1) At the INSS, Pnina Sharvit Baruch and Ori Beeri analyse the recent Amnesty International report.

“The extreme report published recently by Amnesty International, which charges that Israel exercises a regime of apartheid throughout its territory, essentially denies Israel’s right to exist as the nation state of the Jewish people. This blatant bias exposes the agenda of the authors and makes it easier to rebuff the report’s charges on factual and rational grounds. However, the Amnesty report is part of a growing attempt to brand Israel in the international arena as an apartheid state.

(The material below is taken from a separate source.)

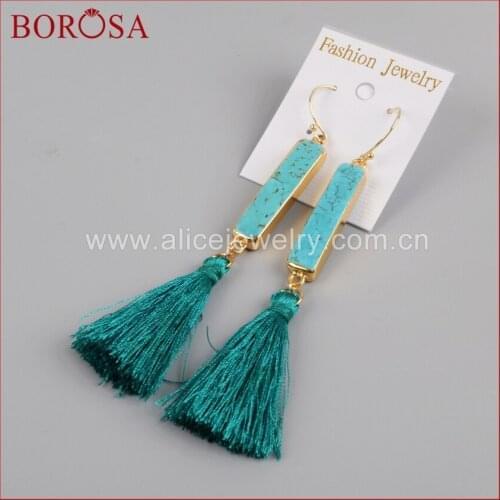 BOROSA Rectangle Howlite Blue Stone Rainbow Tassel Gold Electroplated Earrings, Druzy Tassel Dangle Earrings for Women G1241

This trend must be taken seriously, and its potential implications understood.”

2) The ITIC documents Fatah and PA reactions to the recent killing of three al Aqsa Martyrs Brigades terrorists.

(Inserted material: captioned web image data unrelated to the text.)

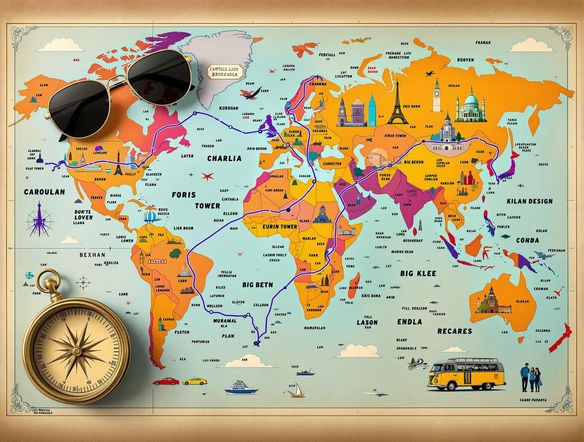 A vibrant travel itinerary laid out on a map, highlighting famous landmarks, with a compass and a pair of sunglasses nearby.
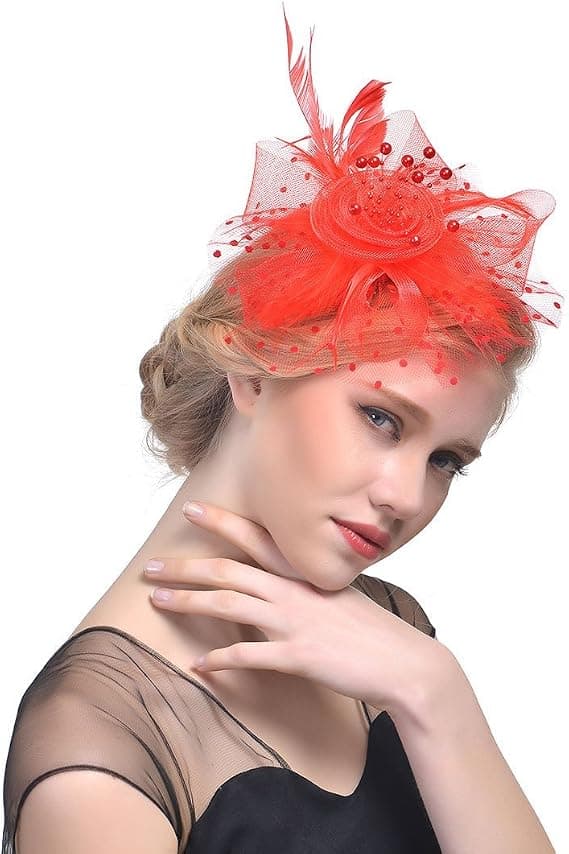 Fascinatorhat til kvinder, damer, bryllup, teselskab, flapper, pillboxhat, Ascot-løbshat, fjerblomst (rød)
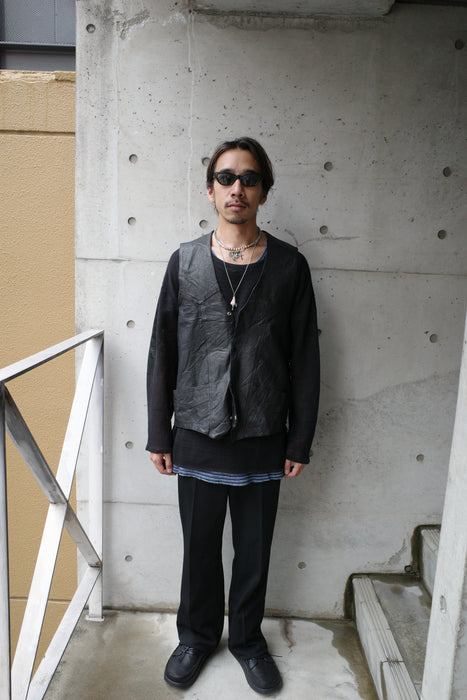 90s lace-up leather vest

“The reactions of Fatah and senior PA figures were exceptional in both scope and content, who mourned the dead terrorists and declared them heroes of the Palestinian people. Particularly strong were the statements and accusations voiced in the mourning tent erected in Nablus by Mahmoud Abbas, PA Prime Minister Muhammad Shtayyeh, and other senior figures. Many senior PA and Fatah figures, including Mahmoud Abbas, posted pictures of the three terrorists to their social media accounts. Fatah claimed the three as movement activists.”

3) At the JCPA Alan Baker discusses ‘Area C of the “West Bank,” EU Hypocrisy, and Double Standards’.

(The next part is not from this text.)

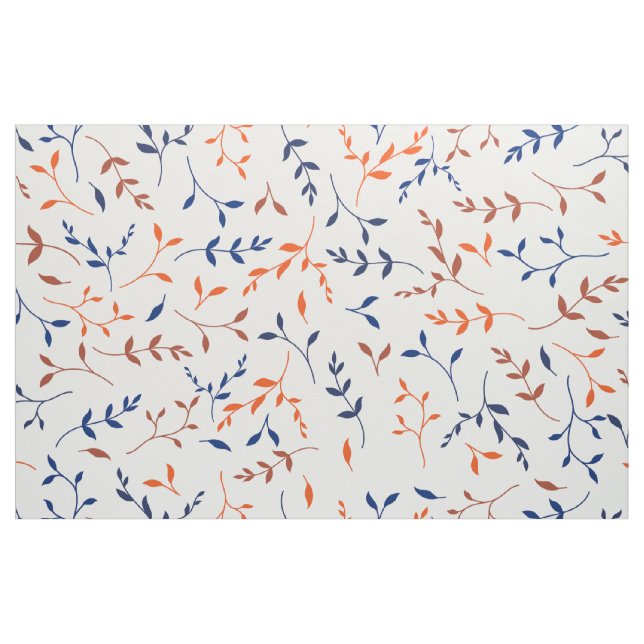 Marineorange Ditsy Botanisches Blattmuster Stoff (Yard (91,4 cm))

“Being signatories as witnesses to the 1991-3 Oslo Accords between Israel and the PLO, together with the United States, Russia, Norway, and Egypt, the EU took upon itself a responsibility to encourage the parties to observe the obligations and commitments encapsulated in the Accords and ensure that they would be duly honored and followed by the parties.

By the same logic, one would expect that those witnesses, all highly involved and active stakeholders in the Middle East peace process, would meticulously ensure that they honor the agreements and refrain from any action that could undermine or frustrate them. The significance of such expectation would be that a witness would seek to assist the parties to fulfill their respective commitments pursuant to the Accords and not encourage one of the parties to violate such commitments.”

4) At the JISS, Efraim Inbar looks at Turkey’s latest ‘charm offensive’.

“Energy concerns are at the top of the Turkish agenda in its drive for rapprochement with Israel. Turkey is mainly dependent on energy imports from Russia and Iran and needs to diversify its energy sources. Therefore, Turkey wants Israel’s gas reservoirs for domestic use and export to Europe, strengthening its energy hub status.”